I just started a raw diet for my dog and can't wait to see some changes!


----------



## Kev (Sep 11, 2011)

I don't feed a raw diet yet but recently I gave started giving them rec bones and there teeth are a lot cleaner. The very back is hard to get rid of though!


----------



## mynameisblc (May 8, 2012)

Need... More... Comments... Soon...


----------



## mycobraracr (Dec 4, 2011)

mynameisblc said:


> Need... More... Comments... Soon...


Oh more comments, why didn't you just say so. Within a week I noticed a higher and more consistant energy level and smaller amounts of poo. Within a month she had nice shiny and softer fur, and was putting on weight. I could not get any weight on her with kibble. That's all I can think of at the moment.


----------



## fuzzybunny (Apr 29, 2011)

Within 24 hours I noticed better poop.


----------



## mynameisblc (May 8, 2012)

Oh yeah... Can't forget about the ! Less of it and more weirder shaped.


----------



## Lauri & The Gang (Jun 28, 2001)

Here's Sadie - an ancient Husky mix I adopted years ago.

This was the picture on the rescue website:










She had been dumped in a drop box in some southern state and an Illinois rescue pulled her.
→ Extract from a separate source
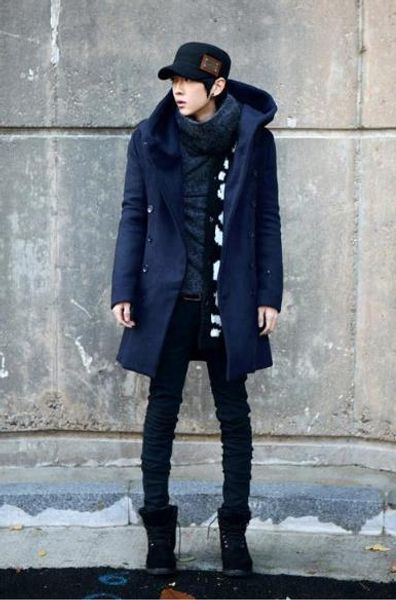 

Mens Designer Jacket Coat Reflective Windbreaker Mid-length Woolen Coat Korean Slim Thick Hooded Trench Coat 2020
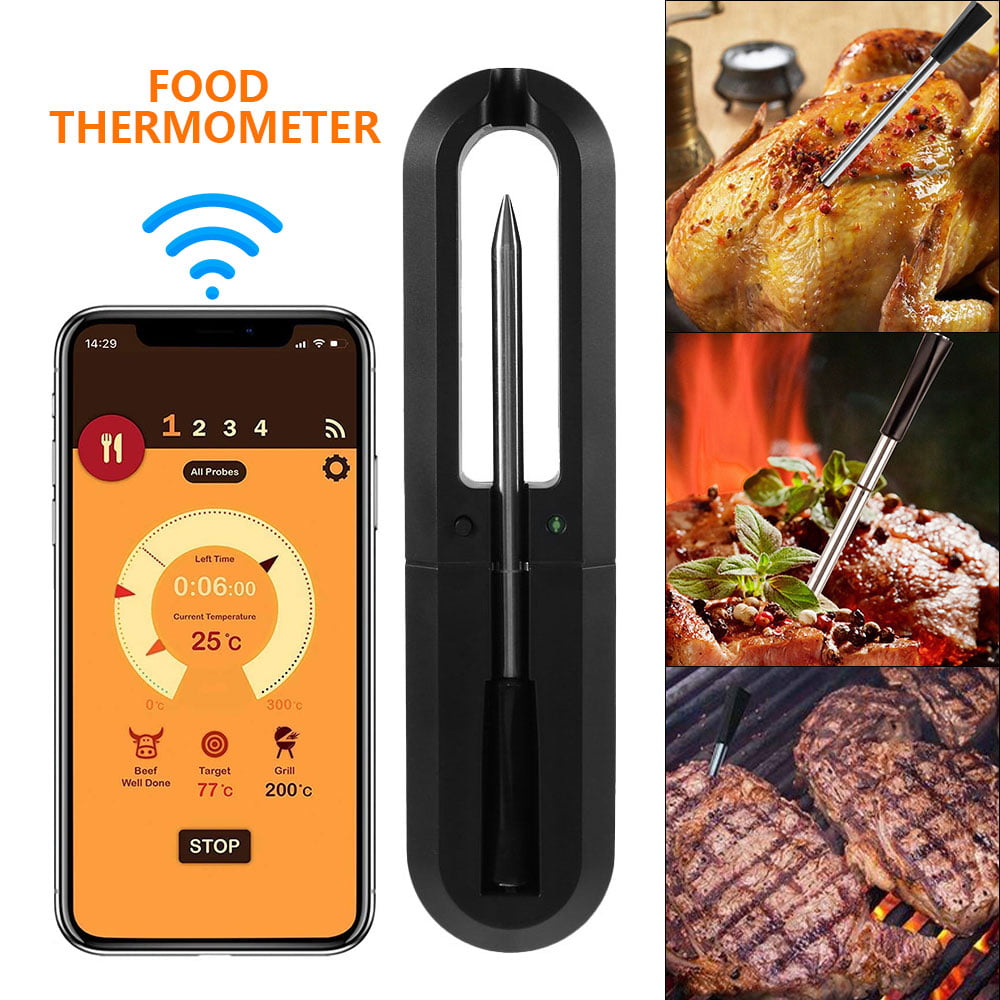 Grill BBQ Dual Temperature Sensors Kitchen Sous Vide Smoker Updated 50M Range Smart Wireless Meat Thermometer with Bluetooth for The Oven Rotisserie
This was her first day home with us:










Then TWO DAYS later - You can see how much hair was starting to regrow around her eyes:











And then just 24 days later:











Her legs the day she came home:










Her legs 24 days later:











Sadie the day we got her:











And this was Sadie just *FOUR MONTHS* later:


----------



## mycobraracr (Dec 4, 2011)

Lauri & The Gang said:


> Here's Sadie - an ancient Husky mix I adopted years ago.
> 
> This was the picture on the rescue website:
> 
> ...


WOW! She doesn't even look like the same dog.


----------



## Bear L (Feb 9, 2012)

My pekingese was on premium kibble his first year. Lots of health issues. After feeding raw for a day, I noticed firmer and less poop, picky eater now eats when food is given (I used to leave kibbles out all day and he'd nibble a little before he sleeps). After one year of raw feeding with detox symptoms he became 100% allergy free (no more constant scratching / licking his skin raw) and free of all prior health issues. Saved me so much vet bills and time. My GSD puppy is on raw with me right away but the previous owner fed kibble. First few days the GSD had loose stools but not anymore after being on raw. Mentally... she'll do anything for her meals, great training tool. NOTHING distracts her when she's about to get her meal.


----------



## mynameisblc (May 8, 2012)

I am hoping that constant scratching will stop for my dog too!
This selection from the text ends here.